Constellation Brands Inc Price, Consensus and EPS Surprise
Shares of the company have fallen nearly 12% during trading session on soft quarterly results. This Zacks Rank #3 (Hold) stock has lost 16.7% in the past three months compared with the industry’s decline of 15%.
STZ’s Q3 Performance in Details
Constellation Brands' sales for the beer business advanced 3% year over year to $2 billion, backed by a 1.6% rise in shipment volumes and 3.2% depletion volume growth. Depletion volumes were aided by robust demand for most of its brand portfolio, led by strength in the Modelo Especial, Pacifico and Modelo Chelada brands.
The depletion volume increased above 3% year over year for Modelo Especial, 20% for Pacifico and 4% for Modelo Chelada. However, depletions dipped 1% for Corona Extra.
Sales in the wine and spirits segment dropped 14% to $431.4 million in the fiscal third quarter. Sales were affected by a 16.4% decrease in shipment volumes and a 4.3% fall in depletions. This mainly stemmed from soft consumer demand and continued retailer inventory destocking in most price segments in the U.S. wholesale market.

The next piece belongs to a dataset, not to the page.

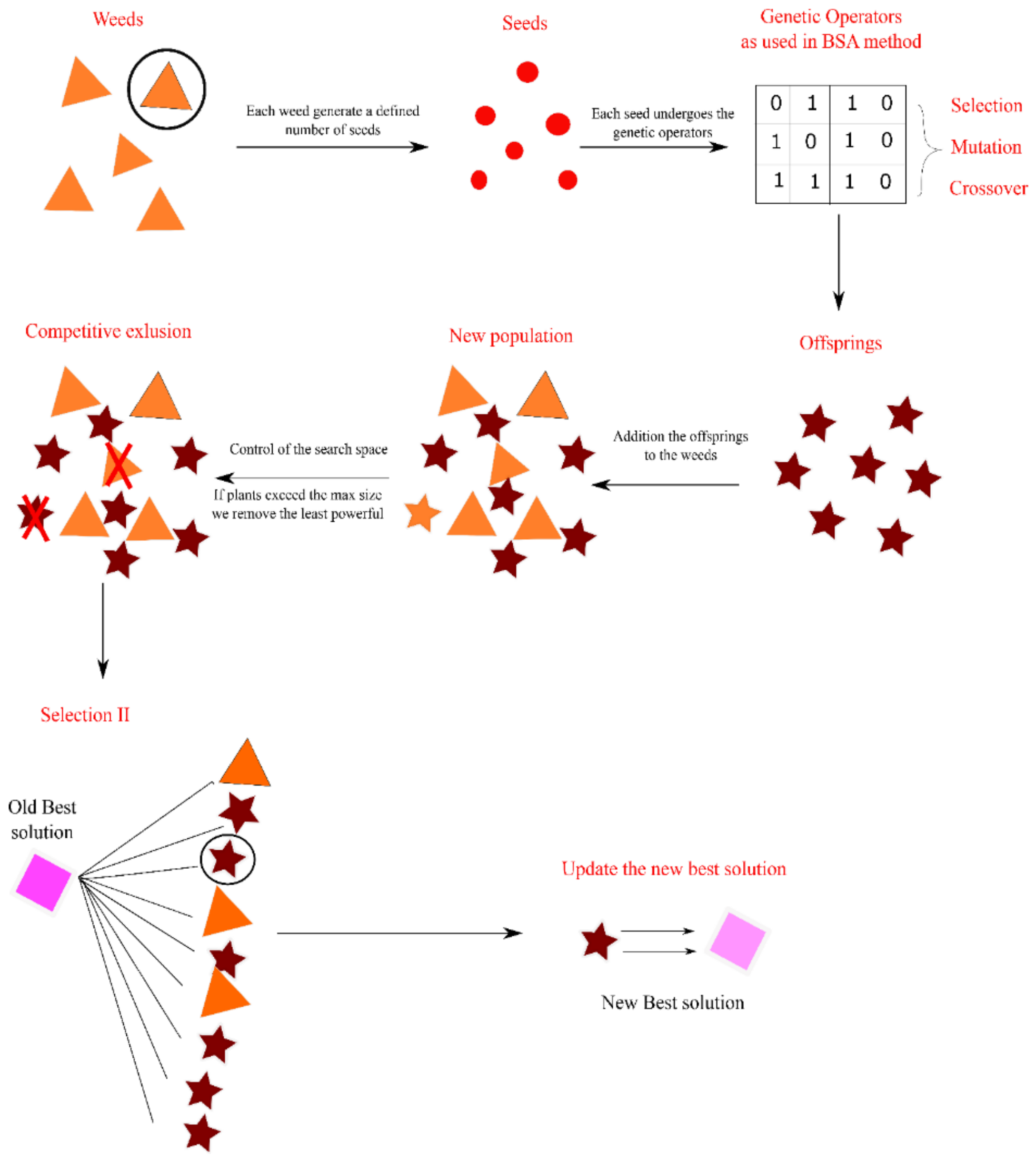 Electronics 10 00687 g004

Sneak Peek Into Constellation Brands’ Margins
STZ's comparable operating income was $802.2 million, down 2.1% from the prior-year quarter. This downside was caused by declines in operating income in the beer business, and wine and spirits segment.
Operating income for the beer segment improved 13% year over year to $1.08 billion. The operating margin for the beer segment fell 60 bps to 37.9%, due to increased marketing spend and elevated depreciation expenses, partly negated by favorable pricing.

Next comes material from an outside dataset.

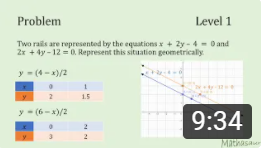 Pair of parallel lines on xy-plane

Operating income for the wine and spirits segment declined 25% year over year to $95.2 million. The segment’s operating margin fell 333 bps to 22.1%, as lower sales exceeded the decline in the cost of goods sold and selling, general and administrative costs.
STZ’s Financial Position Seems Strong
As of Nov. 30, 2024, Constellation Brands’ cash and cash equivalents were $73.7 million, long-term debt (excluding current maturities) was $10.2 billion and total shareholders’ equity (excluding non-controlling interest) was $7.8 billion. The company generated an operating cash flow of $2.6 billion and an adjusted free cash flow of $1.6 billion for the nine months ended Nov. 30, 2024.

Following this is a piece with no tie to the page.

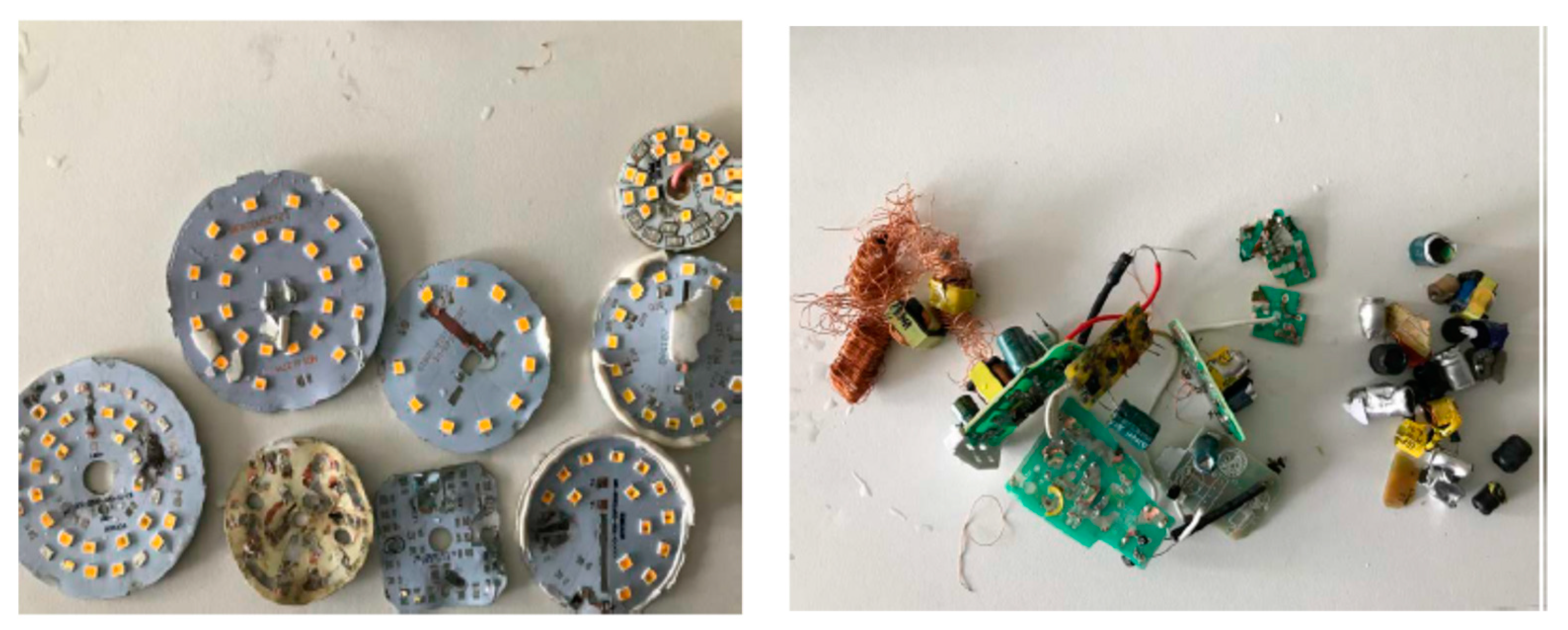 Sustainability 11 04723 g008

STZ’s board announced a quarterly dividend of $1.01 per share for Class A shares on Jan. 8, 2025. The dividend is payable on Feb. 21 to its shareholders of record as of Feb. 7, 2025.
Constellation Brands’ FY25 Expectations
The company revised its EPS outlook for fiscal 2025. Management anticipates an enterprise net sales increase of 2-5% for fiscal 2025, with 4-7% sales growth for the beer segment. However, sales for the wine and spirits segment are expected to decline 5-8%.
STZ anticipates enterprise operating income on a reported basis to decline 62-65% for fiscal 2025, while the comparable operating income is expected to improve 6-9%. The company expects operating income to improve 9-12% for the beer segment and decline 17-19% for the wine and spirits segment. Corporate expenses are expected to be $250 million for fiscal 2025.
The company now envisions comparable EPS guidance of $13.40-$13.80 for fiscal 2025 compared with the earlier estimate of $13.60-$13.80. It recorded a comparable EPS of $12.38 and a reported EPS of $9.39 in fiscal 2024.
Constellation Brands predicts net interest expenses of $410 million for fiscal 2025. It anticipates a reported tax rate of 8% and a comparable tax rate of 18.5% for fiscal 2025. The company expects shares outstanding to be 182.5 million for fiscal 2025, inclusive of share repurchases.
Constellation Brands now forecasts operating cash flow of $2.9-$3.1 billion for fiscal 2025. It expects a free cash flow of $1.6-$1.8 billion. STZ plans to incur a capital expenditure of $1.3 billion in fiscal 2025, including nearly $1 billion targeted for Mexico beer operations activities.